11 junho, 2009

Mindrico: A fala secreta dos têxteis de Minde e Mira de Aire (II)

Alé carranchanos e covanos antónio forno da piação dos charales do Ninhou.

Fiquei extremamente chocada com o que li, por um lado pela falta de investigação de base que esta notícia revela (não há qualquer referência ao actual trabalho de documentação e revitalização do minderico, enquadrado no programa DOBES e financiado pela Fundação Volkswagen) e, por outro, pela imprecisão e até mesmo desconhecimento da realidade linguística aqui descrita, bem como por algumas observações do Prof. Abílio Martins.

Comecemos por exemplo pelo título da notícia: "Mindrico: A fala secreta dos têxteis de Minde e Mira de Aire". Que veracidade deve ser concedida a uma notícia que nem sequer "MINDERICO" sabe escrever? Uma coisa é a forma como se diz, outra a forma como se escreve. Curioso os tais estudiosos que a notícia fala não saberem isso. Por outro lado, erros desta natureza na nomeação do tema central da notícia revelam a tal falta de investigação e o fraco trabalho jornalístico a que me refiro no parágrafo anterior.

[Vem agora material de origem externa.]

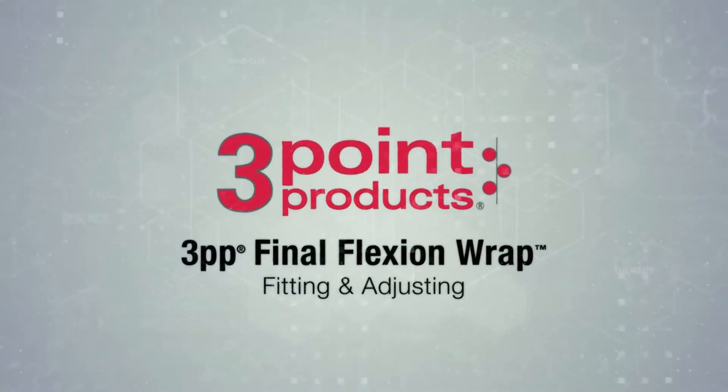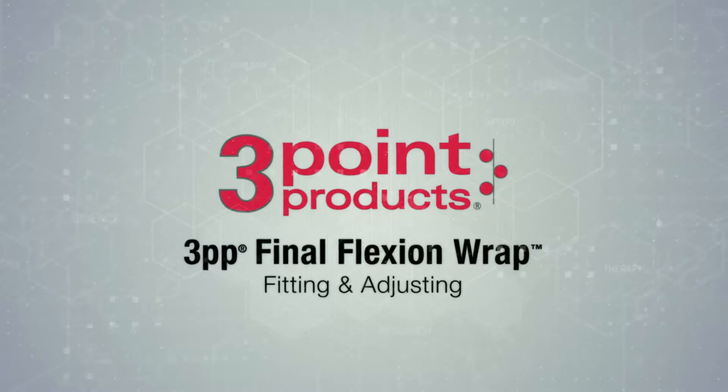In this video, we will learn how to fit the final flexion wrap to help you regain finger motion.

Por falar em estudiosos, já agora perguntaria que estudiosos???? Nos cerca de 2 séculos de existência (baseados apenas nos registos escritos) do minderico NUNCA ninguém do nível académico se interessou em estudar A SÉRIO a variante linguística que o minderico representa. O que temos à disposição até ao momento são os glossários produzidos em Minde - sem qualquer intervenção de linguistas, um artigo de Serra Frazão na Revista Lusitana no início do século passado com uma lista de vocábulos mindericos, uma tese de doutoramento de 2004 que faz referência ao minderico (relata apenas a sua existência mas não lhe faz qualquer análise) e NADA MAIS, além do trabalho que eu própria, enquanto linguista, tenho vindo a desenvolver com o minderico desde 2001.

A primeira abordagem científica feita ao minderico foi apresentada por mim na Universidade de Munique em 2004. Onde estão então os estudiosos que tecem considerações sobre uma realidade linguística que desconhecem na íntegra?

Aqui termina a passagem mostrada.